**What is being asked:**
Starting at the line where "Audi Q5 2014 - фото 2" occurs, reproduce each line through the end of the entries below exactly. Omit every picture.

+ + + +

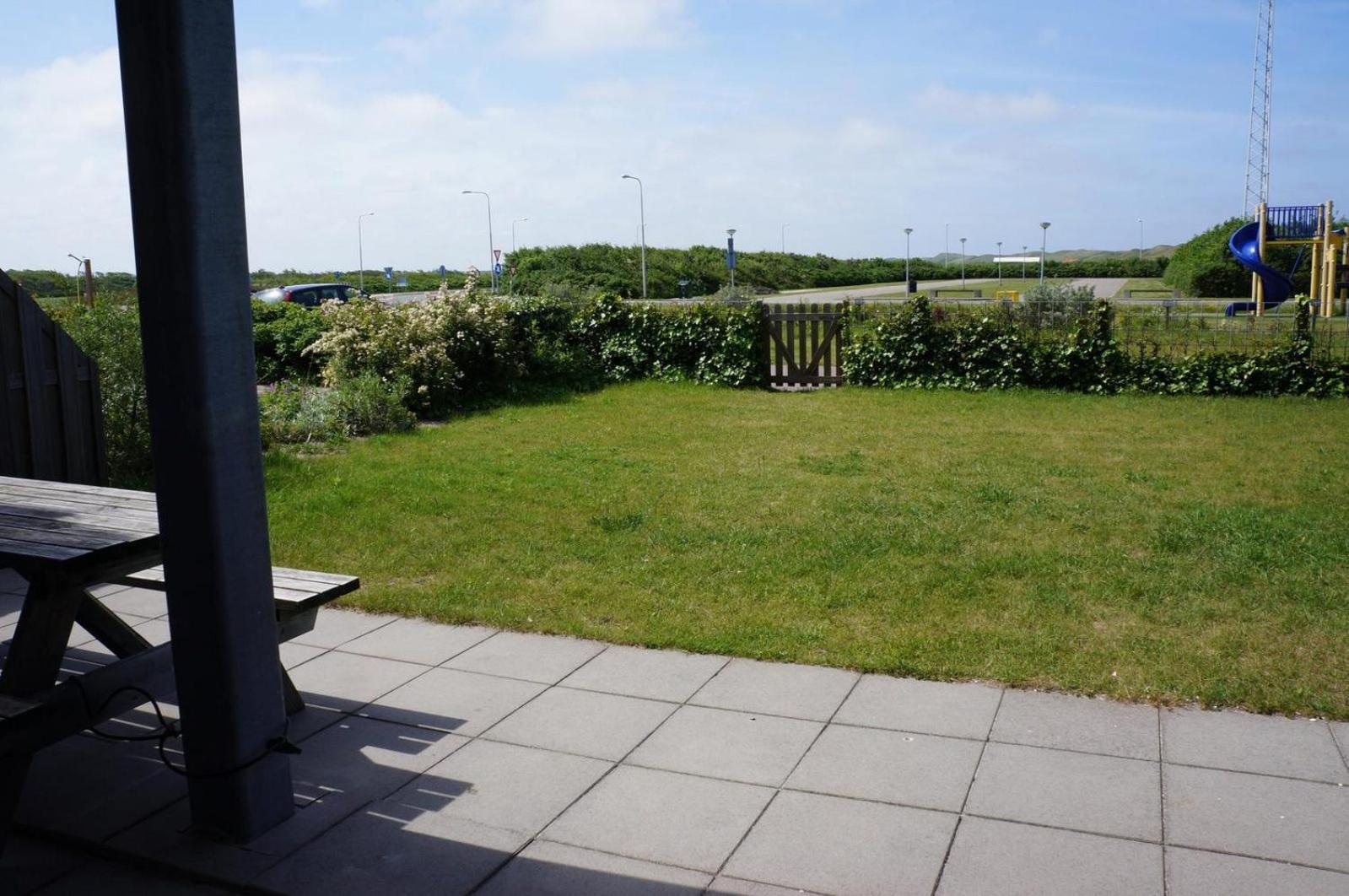 Het Strandleven 4 Groote Keeten Esterno foto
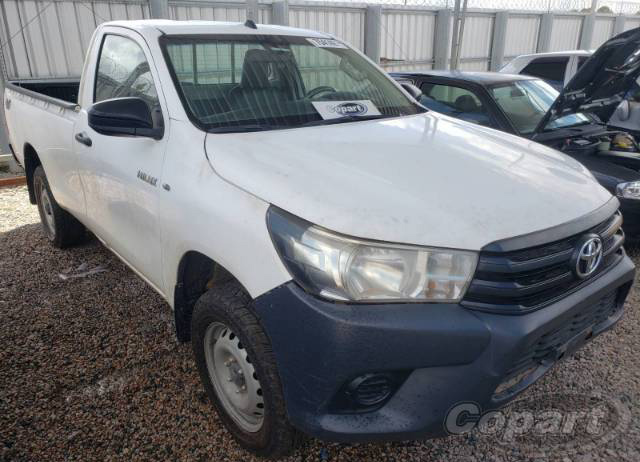 TOYOTA HILUX CS STD 2.8 D-4D TURBO 2019
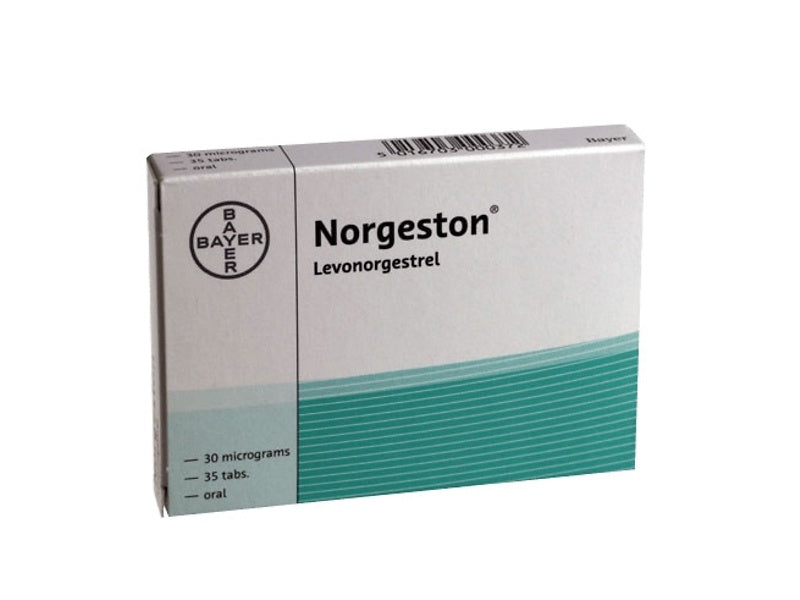 Norgeston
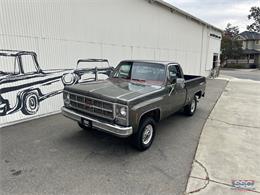 1979 GMC Sierra (CC-1776778) for sale in Fairfield, California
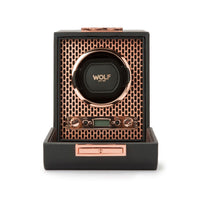 WOLF Axis Horloge Opwinder 469116 - Juwelier van Dam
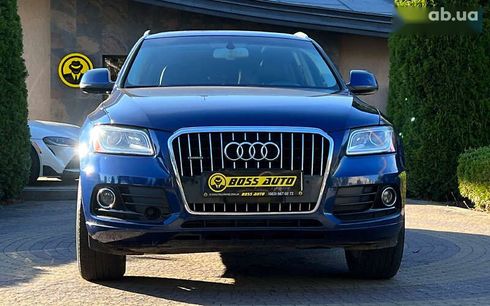 Audi Q5 2014 - фото 2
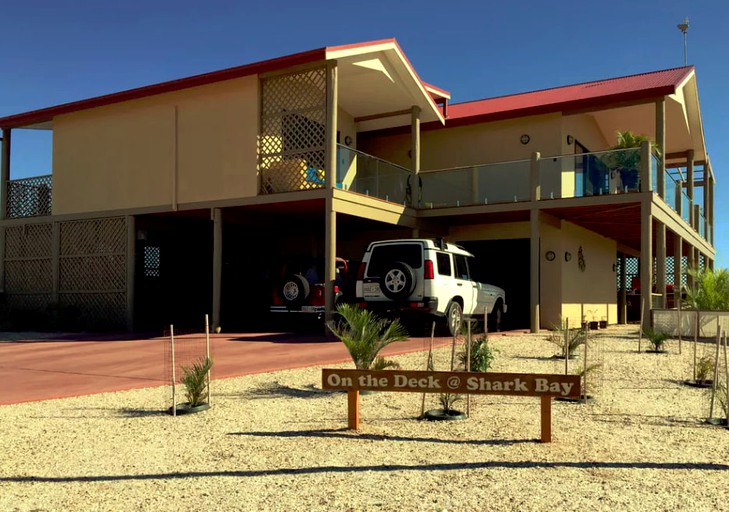 Nature Lodges (Shark Bay, Western Australia, Australia)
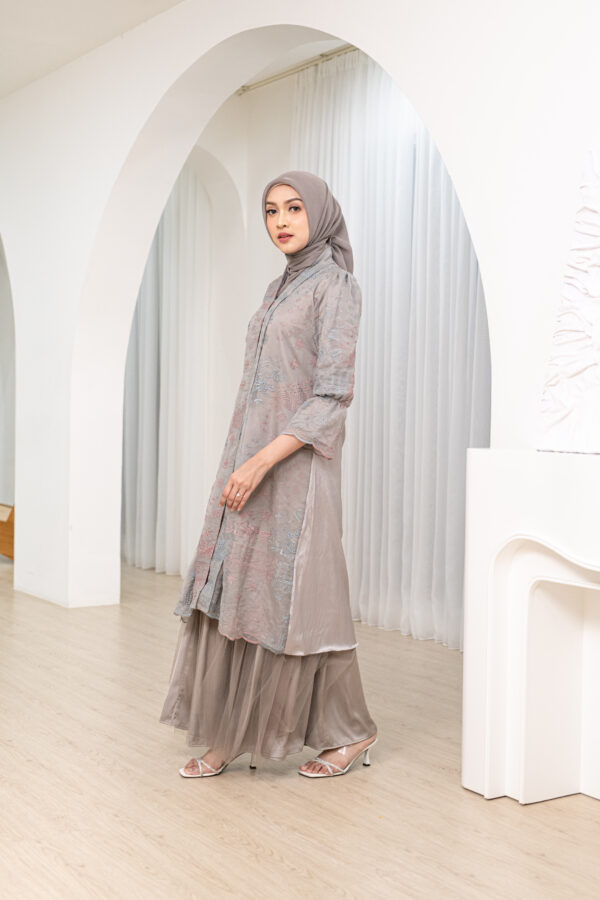 Raiya Tunic Grey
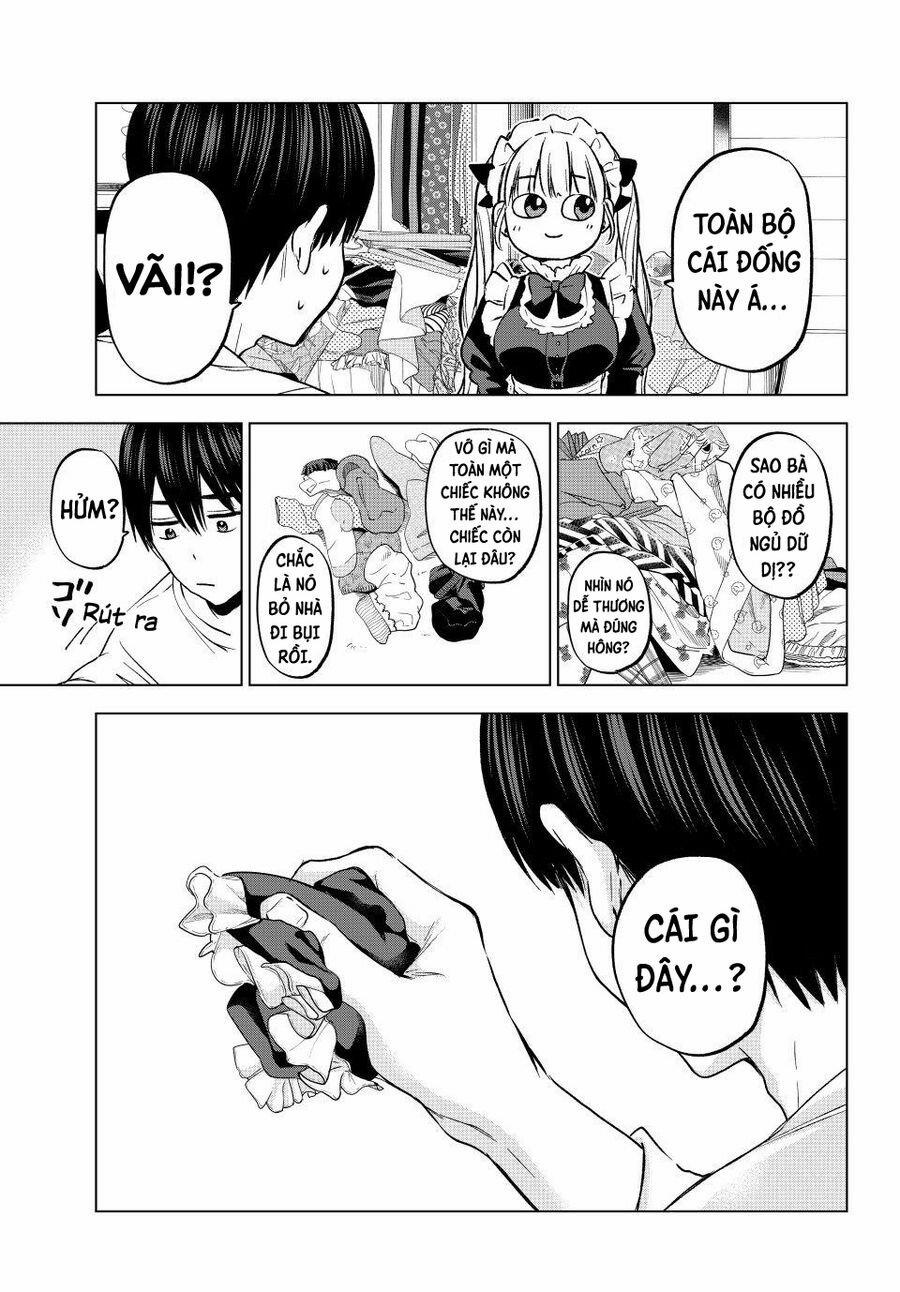 Hôn Thê Cúc Cu 162 trang 11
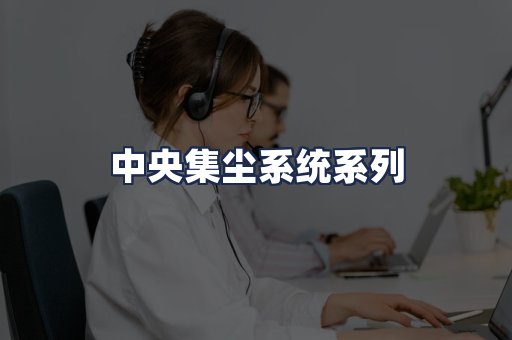 中央集尘系统系列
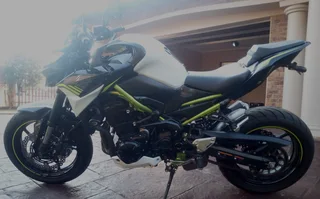 2020 Kawasaki Z900 ABS. PRISTINE CONDITION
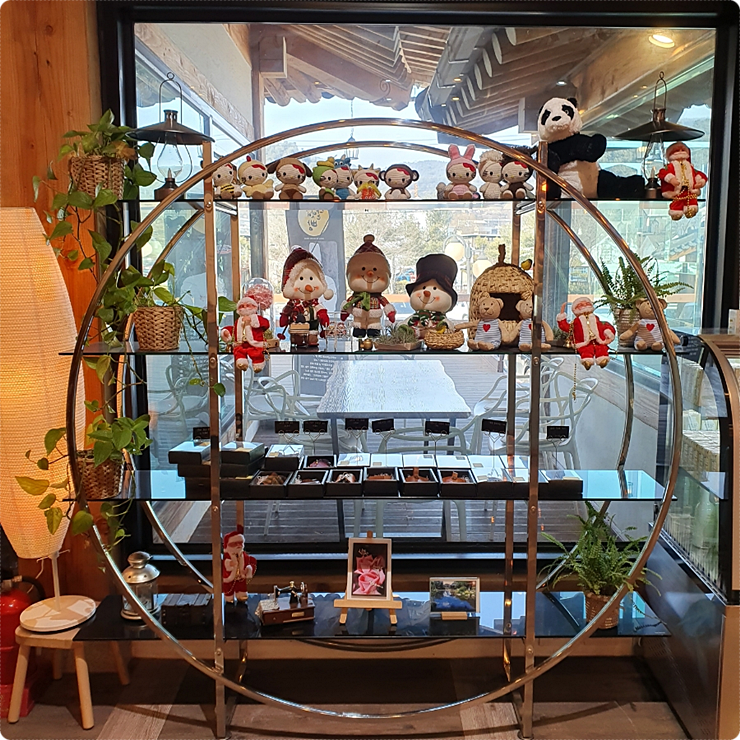 달맞이빵 이미지
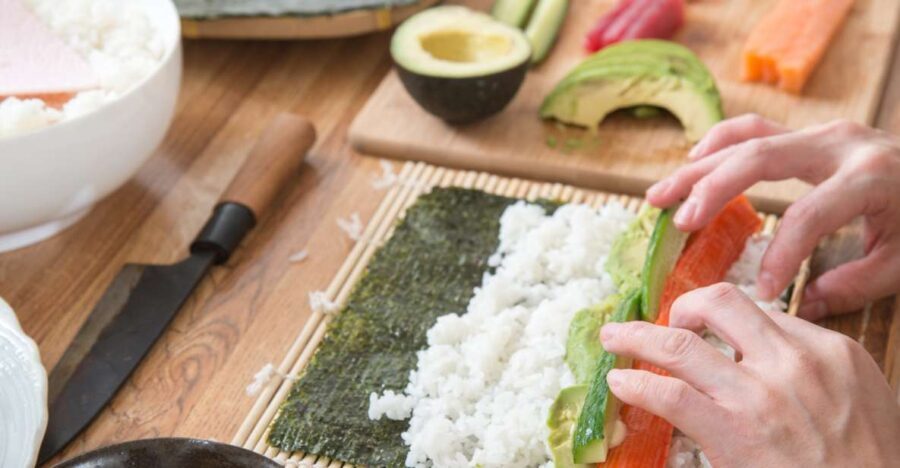 Austin : Sushi Making Class At a Sake Bar - Who is This Tour Best For?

+ + + +

**Answer:**
 Audi Q5 2014 - фото 2
 Nature Lodges (Shark Bay, Western Australia, Australia)
 Raiya Tunic Grey
 Hôn Thê Cúc Cu 162 trang 11
 中央集尘系统系列
 2020 Kawasaki Z900 ABS. PRISTINE CONDITION
 달맞이빵 이미지
 Austin : Sushi Making Class At a Sake Bar - Who is This Tour Best For?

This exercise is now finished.